▶ [Provided information]

= = = = =

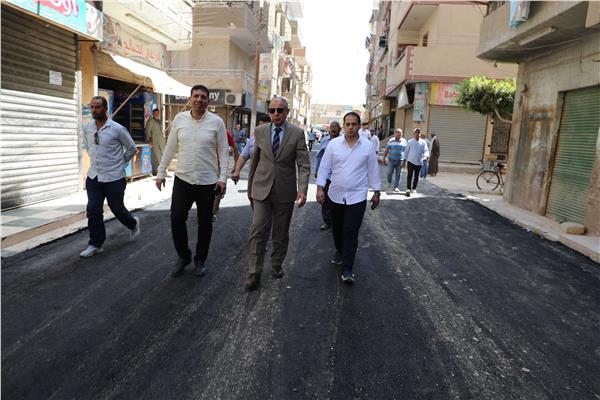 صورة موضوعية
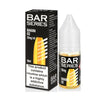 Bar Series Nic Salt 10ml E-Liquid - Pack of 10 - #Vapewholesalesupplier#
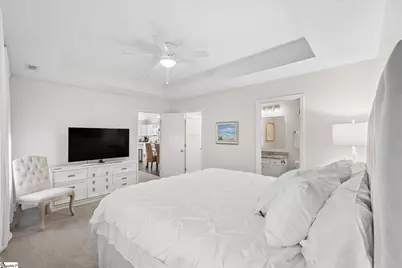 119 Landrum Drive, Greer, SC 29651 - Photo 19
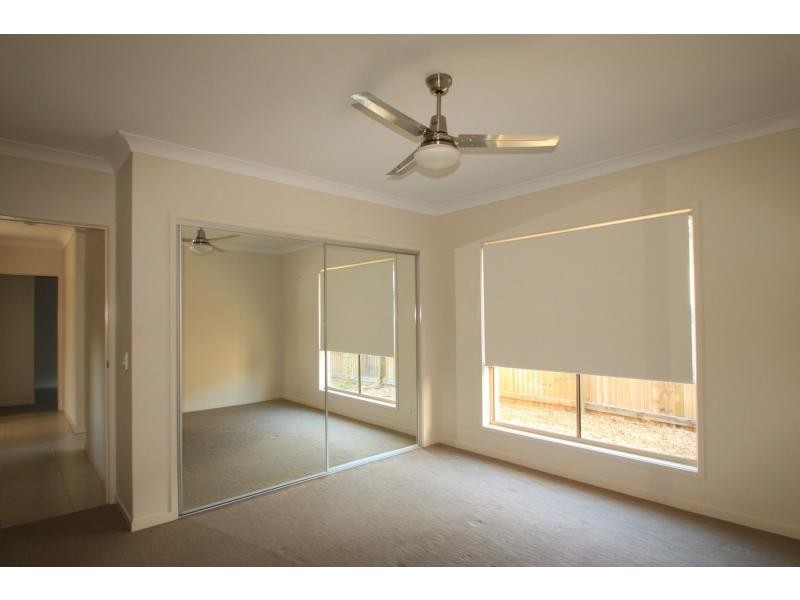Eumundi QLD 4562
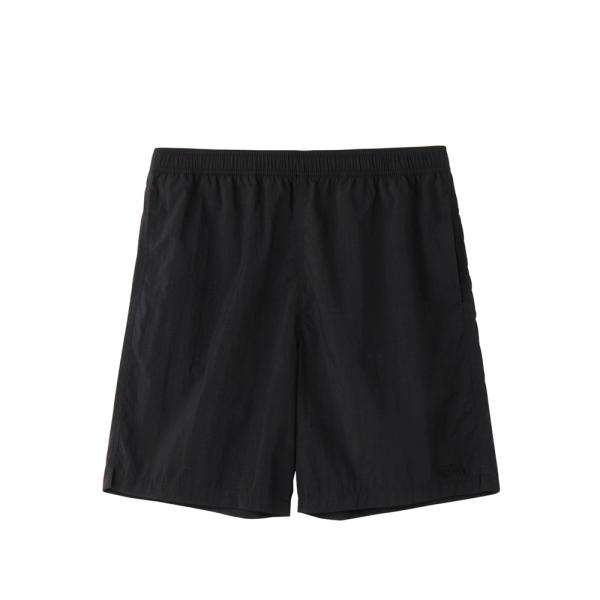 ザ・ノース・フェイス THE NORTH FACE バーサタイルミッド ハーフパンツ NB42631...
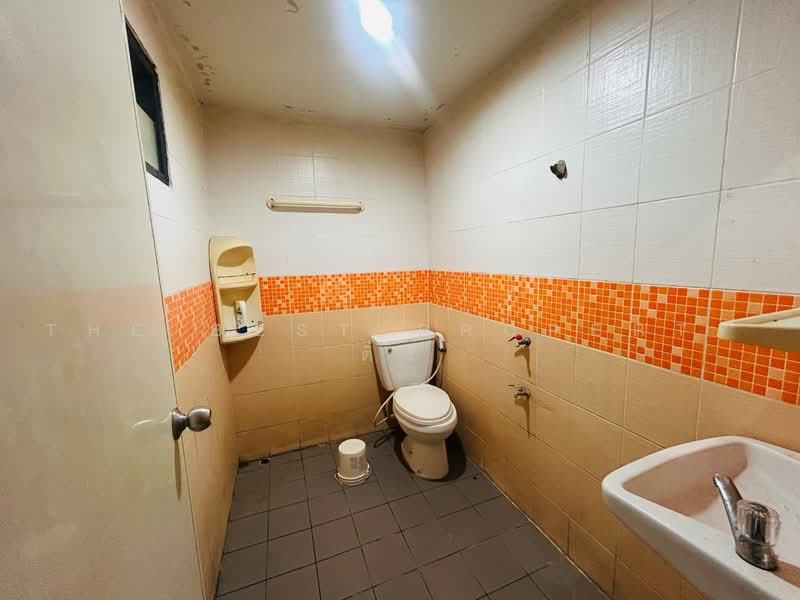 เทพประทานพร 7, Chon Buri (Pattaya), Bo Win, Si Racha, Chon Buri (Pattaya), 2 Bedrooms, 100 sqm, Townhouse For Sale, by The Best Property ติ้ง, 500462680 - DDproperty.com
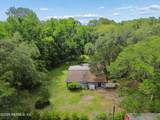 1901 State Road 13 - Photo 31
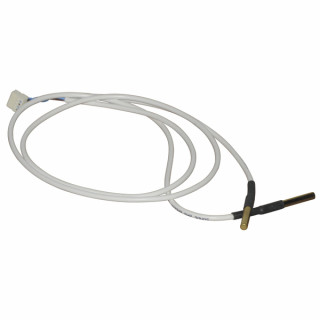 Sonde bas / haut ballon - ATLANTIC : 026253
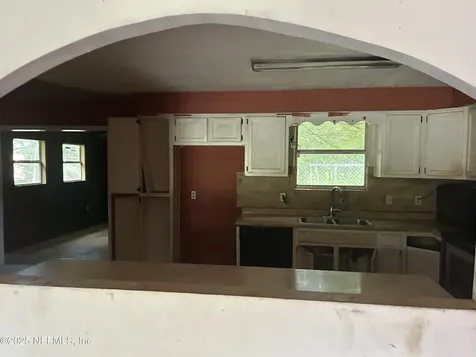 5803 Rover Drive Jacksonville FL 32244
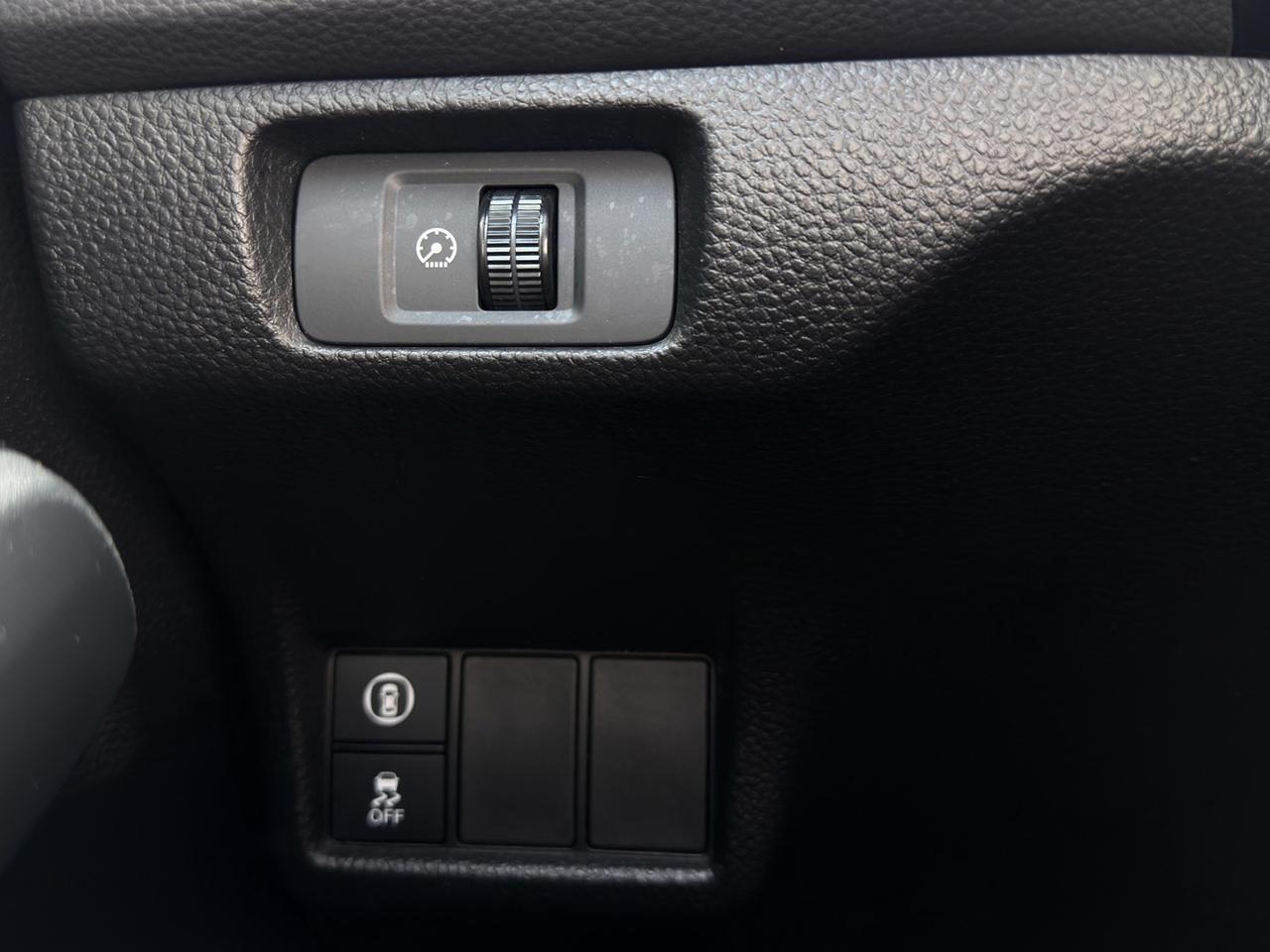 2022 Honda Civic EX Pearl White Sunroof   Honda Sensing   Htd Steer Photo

= = = = =

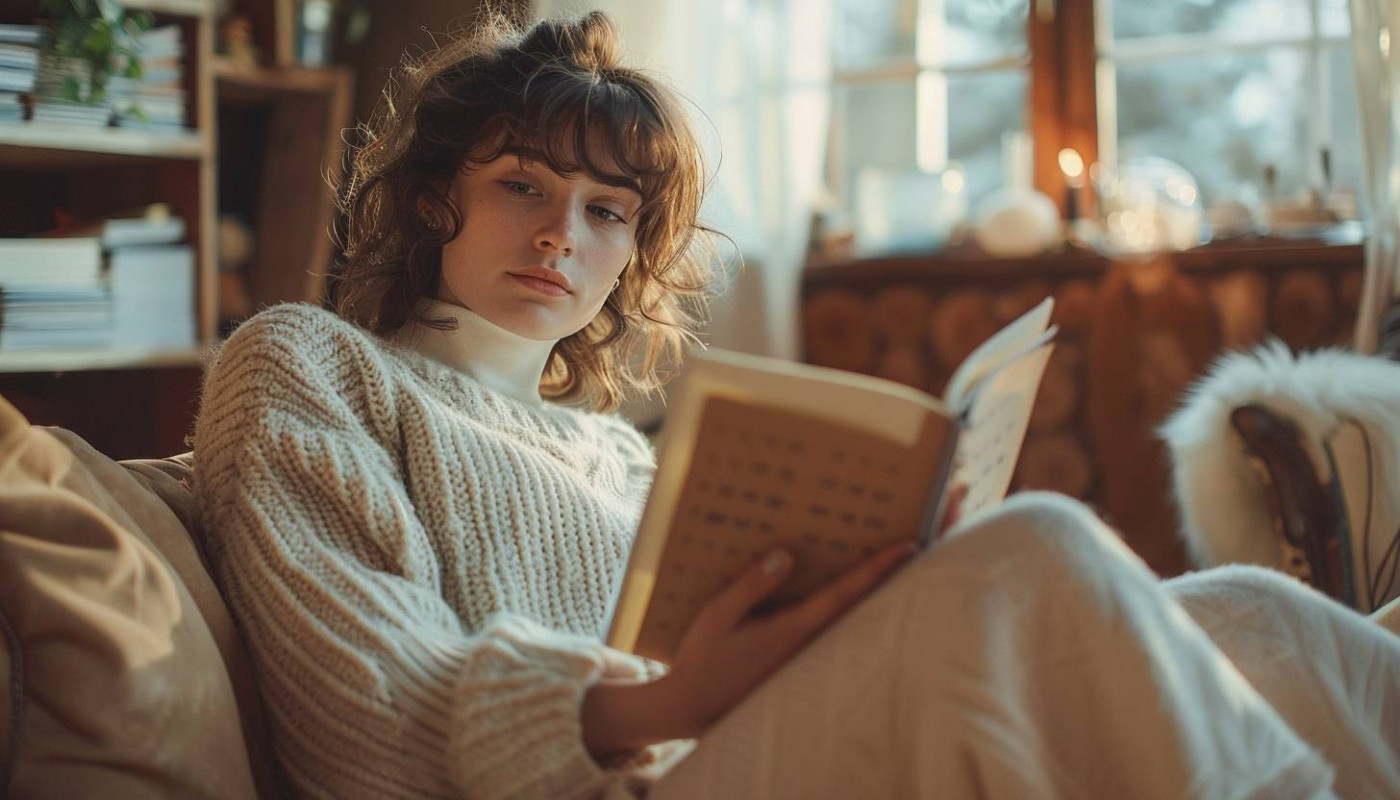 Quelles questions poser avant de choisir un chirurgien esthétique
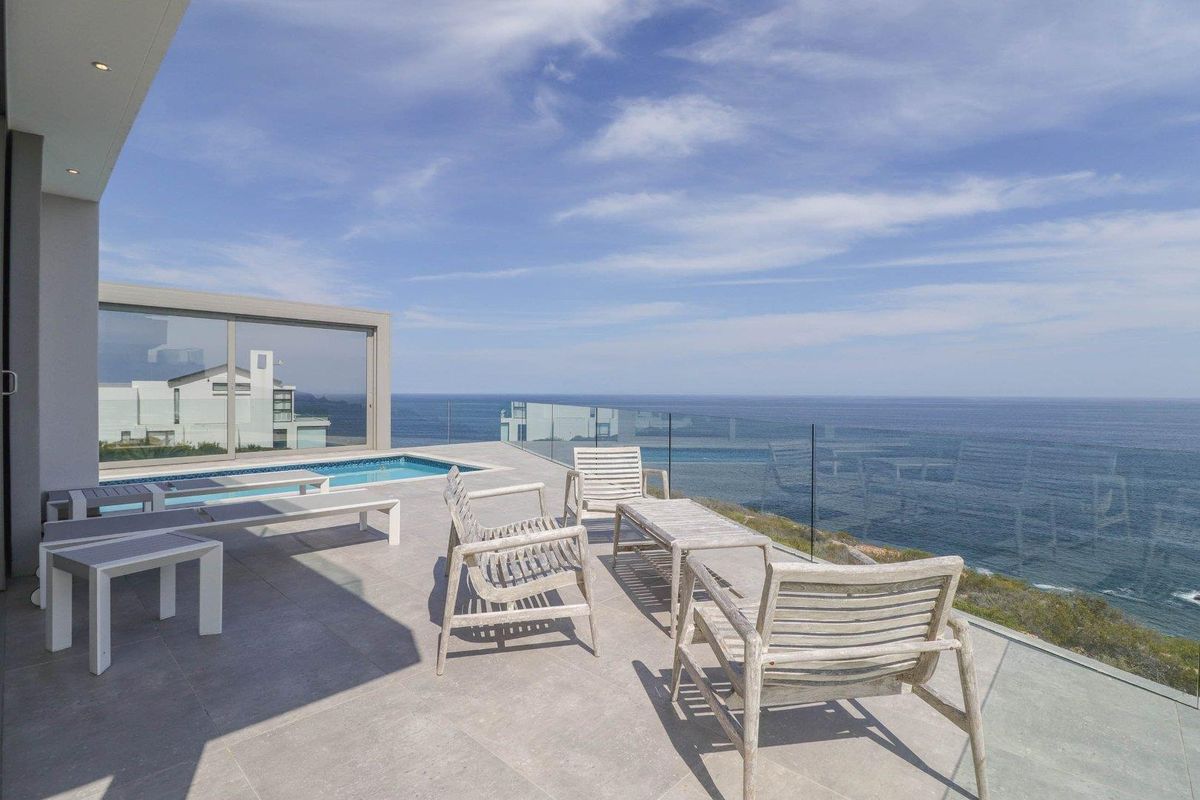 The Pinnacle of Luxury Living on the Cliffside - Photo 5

= = = = =

▶ [Work required]
Copy exactly the material above from the line with "Eumundi QLD 4562" to the line with "2022 Honda Civic", ends included, and nothing else. Leave out any picture.

▶ [Task solution]
Eumundi QLD 4562
 ザ・ノース・フェイス THE NORTH FACE バーサタイルミッド ハーフパンツ NB42631...
 เทพประทานพร 7, Chon Buri (Pattaya), Bo Win, Si Racha, Chon Buri (Pattaya), 2 Bedrooms, 100 sqm, Townhouse For Sale, by The Best Property ติ้ง, 500462680 - DDproperty.com
 1901 State Road 13 - Photo 31
 Sonde bas / haut ballon - ATLANTIC : 026253
 5803 Rover Drive Jacksonville FL 32244
 2022 Honda Civic EX Pearl White Sunroof   Honda Sensing   Htd Steer Photo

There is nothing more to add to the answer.